Shift in Authority of Organization
It is a simple, yet a profound truth that the Supreme Court is not supreme. Contrary to contemporary belief that the Founding Fathers established three equal branches of government, the facts argue that the Supreme Court was originally intended to be the weakest of the three branches of American government.
It is not true that America’s Founding Fathers believed that they were creating three equal branches of government when they formulated the Constitution. This fact may be substantiated in several ways. That the powers of the Supreme Court were to be limited is expressed in the fact that the legislative and executive branches were given far more responsibilities and authority by the Constitution. The Supreme Court’s limited responsibility in American government can be seen in the fact that the duties and power given to the Supreme Court in the Constitution required the briefest description of the three branches. Add to this fact that the Founding Fathers stated that they intended that the Supreme Court should be very limited in its power. James Madison, Father of the Constitution, wrote in the Federalist Papers that were written to explain the importance of the Constitution:
. . .the judiciary, from the nature of its functions, will always be the least dangerous to the political rights of the Constitution. [T]he judiciary is, beyond comparison, the weakest of the three departments of power . . .
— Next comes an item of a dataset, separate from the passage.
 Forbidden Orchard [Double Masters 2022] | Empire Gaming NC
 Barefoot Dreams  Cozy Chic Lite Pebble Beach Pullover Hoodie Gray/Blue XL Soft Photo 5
One of the less conspicuous facts that the Supreme Court was to have far more limited power than accorded to it today may also be seen by the fact that no building was given to the Supreme Court. Not until 1935 was the present Supreme Court building occupied for use—146 years after the Constitution was put into effect. Originally, the Supreme Court convened for brief periods in buildings erected for other branches of government. The Founding Fathers fully intended to limit the power of the Supreme Court, not giving it the authority accorded to the other two branches of government. The reason being, the “Peoples House,” or the Congress, was intended to have the greatest influence in the government of the nation, a fact that is evident in the prominence of the article describing the responsibilities of the Congress within the Constitution. Like the federal Constitution, most state constitutions also expressed this fact with similar expressions to the words of the Constitution, “We the people . . .”
In the contemporary mindset of Americans, it is widely believed that the opinions of the majority of the members of the Supreme Court must be carried out. However, United States history argues otherwise. In the well-known 1857 Dred Scott case, the Supreme Court denied Scott his requested freedom and returned him to the possession of his owner. This ruling by the Supreme Court did much to hasten the tragedy of the Civil War by inflaming passions. During the course of the War, Abraham Lincoln defied this ruling by issuing the Emancipation Proclamation in 1863. But, Lincoln was not alone in his defiance of the Supreme Court. Like Lincoln, others have defied or simply ignored the opinions of the Supreme Court, indifferent to its dictates, and it appears that because of the lawlessness of many courts, the act of nullifying these courts decisions should become a regular pattern for the rest of the nation.
The single most important word at the top of each Supreme Court decision is the term “opinion.” Many Americans credit the Supreme Court with the power to make laws, but the Constitution has not entrusted the Supreme Court with that privilege. Rather, the Supreme Court is only capable of rendering an “opinion” on laws created by state or federal legislatures, or other lesser legislative governmental powers.
The Congress has the authority to impeach members of the Supreme Court and lower federal courts but appears intimidated by the threats and swagger of the courts. The one important reason that the provision of impeachment was placed in the Constitution was to preserve the fundamental principle of “the consent of the governed.” Provisions for impeachment of judges was left deliberately broad in the Constitution, allowing for removal for office for “misdemeanors” or “high crimes.” Contrary to popular opinion, the Constitution does not guarantee a judge an office for life, but only for the duration of “good behavior,” and usurping the right of the people to make law through their legislators by attempting to make law from the bench may not in the least be regarded as good behavior.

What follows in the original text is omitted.